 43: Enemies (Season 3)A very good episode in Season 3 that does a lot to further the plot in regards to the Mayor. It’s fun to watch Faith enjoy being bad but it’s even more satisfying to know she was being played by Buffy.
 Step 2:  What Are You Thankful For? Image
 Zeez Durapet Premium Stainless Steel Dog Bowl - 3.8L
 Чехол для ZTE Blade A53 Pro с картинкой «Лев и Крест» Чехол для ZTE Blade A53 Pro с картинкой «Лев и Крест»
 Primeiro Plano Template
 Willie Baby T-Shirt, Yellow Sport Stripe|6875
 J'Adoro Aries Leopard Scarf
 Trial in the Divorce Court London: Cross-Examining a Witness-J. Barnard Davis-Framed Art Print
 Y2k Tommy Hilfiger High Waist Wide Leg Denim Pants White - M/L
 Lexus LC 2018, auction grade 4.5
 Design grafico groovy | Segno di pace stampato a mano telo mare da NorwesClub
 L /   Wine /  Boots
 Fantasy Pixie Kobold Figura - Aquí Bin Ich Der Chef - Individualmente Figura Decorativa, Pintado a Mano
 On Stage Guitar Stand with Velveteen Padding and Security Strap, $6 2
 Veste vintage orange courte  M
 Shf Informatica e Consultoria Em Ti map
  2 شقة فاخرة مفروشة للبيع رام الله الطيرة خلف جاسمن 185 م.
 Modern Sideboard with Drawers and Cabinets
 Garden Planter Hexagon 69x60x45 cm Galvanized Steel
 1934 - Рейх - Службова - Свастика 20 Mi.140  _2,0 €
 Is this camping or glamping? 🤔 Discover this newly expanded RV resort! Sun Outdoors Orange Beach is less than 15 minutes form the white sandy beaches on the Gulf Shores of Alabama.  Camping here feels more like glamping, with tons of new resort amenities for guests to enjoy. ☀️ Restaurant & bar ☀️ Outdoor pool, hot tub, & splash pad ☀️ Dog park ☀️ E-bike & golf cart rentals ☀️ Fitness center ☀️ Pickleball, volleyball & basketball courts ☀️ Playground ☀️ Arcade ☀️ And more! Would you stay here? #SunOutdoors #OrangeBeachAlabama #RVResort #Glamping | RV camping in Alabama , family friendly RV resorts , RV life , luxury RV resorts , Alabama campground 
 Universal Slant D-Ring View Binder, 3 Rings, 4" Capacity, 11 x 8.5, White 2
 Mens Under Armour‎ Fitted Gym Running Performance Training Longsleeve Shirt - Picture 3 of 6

⁂

▶ [What to produce] Tally how many lines of the records hold the word "Steel". Answer with the number only.

▶ [Expected output] 2